また肌を洗うときに、ナイロンタオルなどにせっけんを付けて、ゴシゴシこすっていませんか。せっけんの成分が皮脂をうばうだけでなく、こすることで肌を荒らしてしまいます。さらにお風呂上がりに、バスタオルでゴシゴシと拭くのは最悪です。とくに男性にはタオルで強くこする人が多いのですが、乾燥と肌荒れの大きな要因となるので気を付けましょう。
乾燥による体のかゆみの原因とは?
冬特有の環境因子(気温・湿度低下)によるバリア機能低下
気温が低くなると血行が悪くなり、肌細胞に栄養が届きにくくなります。また汗をかかなくなることも皮脂膜の減少を招きます。さらに、空気の乾燥により、お肌の中の水分量が少なくなり、皮膚表面に微細なひび割れができてバリア機能が低下します。

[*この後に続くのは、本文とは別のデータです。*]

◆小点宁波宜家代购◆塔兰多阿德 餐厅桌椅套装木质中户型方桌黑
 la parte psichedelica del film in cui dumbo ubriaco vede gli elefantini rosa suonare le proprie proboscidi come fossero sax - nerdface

バリア機能が低下した角層は、外部からの刺激を防ぐことができないため、刺激を受け続けることになります。さらにかゆみの神経が皮膚の表面近くまで伸びてきてしまうことから、ちょっとした刺激でもかゆくなる「かゆみ過敏」の状態になってしまうのです。
また、エアコン・暖房器具の使い過ぎ。冬になると空気が乾燥する上に、室内は暖房が欠かせません。ですが、エアコンは空気を暖めるだけなので、ますます湿度が低下してしまいます。
そのような状態が続くと、乾燥肌トラブルにつながります。また、電気こたつや電気毛布などはかゆみがひどくなりがちなので、使用は最小限に留めましょう。
かゆみがなかなか治らない場合や、何度も繰り返す場合には、乾燥以外の原因を疑ってみる必要があります。
かゆみに加え、皮膚に赤い盛り上がりがみられる場合には、じんましんの可能性があります。じんましんには、アレルギー性のもの(全体の約5%)と、機械性のもの(約20%)、原因不明のもの(70%以上)とがあります。
アレルギー性とは、特定の食べ物や化粧品、植物、ダニなどが原因となるタイプです。機械性は、お湯につかったり(温熱じんましん)、冷たい空気に触れたり(寒冷じんましん)して起こるタイプです。肌をかいたときに、その刺激でじんましんが起こることもあります。
じんましんの多くは、抗ヒスタミン薬で治まります。ただし、体質的にじんましんを起こしやすい人もいるので、病院で原因となるものを特定してもらい、生活の中でその原因物質を避けるようにする必要があります。
抗ヒスタミン薬などを使っても、かゆみがなかなか治らない場合には、アトピー性皮膚炎や内臓疾患などを疑って、早めに受診することが大切です。こうした病気に伴う中枢性のかゆみは、ヒスタミン以外の物質(神経ペプチドの一種など)が関係していることがあるからです。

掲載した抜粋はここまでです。